By: Dr. Whitney Miller, assistant director, Governmental Relations Division
Congress has, once again, stepped forward with legislation aimed at ending the egregious and abusive practice of soring. A bipartisan group of congressman, led by U.S. Rep. Ed Whitfield (R-Ky.) introduced the Prevent All Soring Tactics Act of 2013, or PAST Act, this week. H.R. 1518 would amend the Horse Protection Act by providing additional enforcement authority to federal regulators to prohibit the soring of horses.
Soring is the act of deliberately causing pain to horses’ legs to exaggerate the motion of their gait. It happens frequently in walking horse breeds, such as Tennessee Walking Horses.
The Horse Protection Act (HPA) passed in 1970 with the goal of ending this abusive practice. Unfortunately, due to insufficient funding and resources at the federal level to enforce the law, combined with unethical owners, trainers, and horse show judges, along with strong political influences, the industry has become so corrupt that more than 40 years later we are still seeing horses being sored.
For example, 37 of 52 horses tested positive for one or more anesthetics at the 2011 National Celebration. Well-known trainers, like Barney Davis and Jackie McConnell (now with a lifetime disqualification), have been convicted of this crime. Nine percent of participants at the 2012 National Celebration were found in violation of the HPA, which shows virtually no improvement from the 9.5 percent rate at the 2011 event. Also, the violation detection rates are consistently five to 10 times higher when U.S. Department of Agriculture regulators are present, compared to the shows in which the industry is self-policing.

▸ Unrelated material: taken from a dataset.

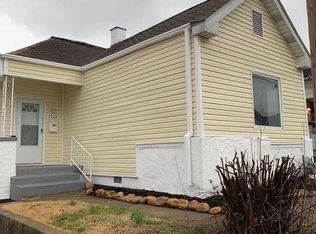 1112 W Missouri St #1, Evansville, IN 47710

Soring is still a major problem that needs to be addressed through increased enforcement at the federal level and a culture that needs to change within the walking horse industry.
The newly introduced H.R. 1518 would make several improvements to the existing law, including:
- Ending the use of action devices and performance packages;
- Eliminating the current self-policing system in the walking horse industry by requiring the USDA to license, train, assign, and oversee inspectors;
- Makes the actual act of soring a crime;
- Increases civil and criminal penalties for violation; and
- Allows for the permanent disqualification of violators.
AVMA has issued a joint statement with the American Association of Equine Practitioners in support of H.R. 1518. AVMA had a position of Active Pursuit of Passage on similar legislation in the 112th Congress.
AVMA last year launched an educational campaign on the harmful effects of soring to shed more light to this unethical practice. All resources, statements, and actions from that campaign are available here. In addition, AVMA’s Governmental Relations staff worked with Congressman Kurt Schrader (D-Ore.), one of two veterinarians serving in Congress, to bring awareness to this issue and last May, Rep. Schrader delivered a speech on the floor of the House of Representatives, which can be viewed here.